On this tutorial, we design a sensible image-generation workflow utilizing the Diffusers library. We begin by stabilizing the setting, then generate high-quality photographs from textual content prompts utilizing Secure Diffusion with an optimized scheduler. We speed up inference with a LoRA-based latent consistency method, information composition with ControlNet below edge conditioning, and at last carry out localized edits through inpainting. Additionally, we deal with real-world methods that stability picture high quality, velocity, and controllability.
!pip -q uninstall -y pillow Pillow || true
!pip -q set up --upgrade --force-reinstall "pillow<12.0"

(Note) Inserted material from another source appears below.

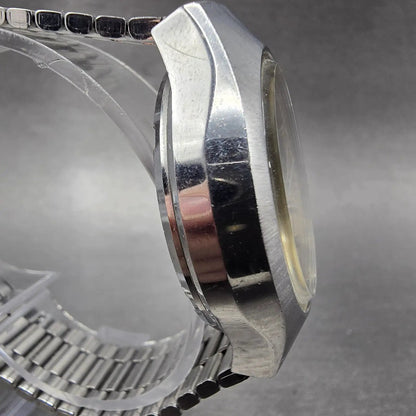 Seiko SQ Watch Men 37mm Black Dial Silver Tone Daydate 0903-8007 New Battery VTG3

!pip -q set up --upgrade diffusers transformers speed up safetensors huggingface_hub opencv-python
import os, math, random
import torch
import numpy as np
import cv2
from PIL import Picture, ImageDraw, ImageFilter
from diffusers import (
StableDiffusionPipeline,
StableDiffusionInpaintPipeline,
ControlNetModel,
StableDiffusionControlNetPipeline,
UniPCMultistepScheduler,
)
We put together a clear and suitable runtime by resolving dependency conflicts and putting in all required libraries. We guarantee picture processing works reliably by pinning the right Pillow model and loading the Diffusers ecosystem. We additionally import all core modules wanted for technology, management, and inpainting workflows.
def seed_everything(seed=42):
random.seed(seed)
np.random.seed(seed)
torch.manual_seed(seed)
torch.cuda.manual_seed_all(seed)
def to_grid(photographs, cols=2, bg=255):
if isinstance(photographs, Picture.Picture):
photographs = [images]
w, h = photographs[0].measurement
rows = math.ceil(len(photographs) / cols)
grid = Picture.new("RGB", (cols*w, rows*h), (bg, bg, bg))
for i, im in enumerate(photographs):
grid.paste(im, ((i % cols)*w, (i // cols)*h))
return grid
system = "cuda" if torch.cuda.is_available() else "cpu"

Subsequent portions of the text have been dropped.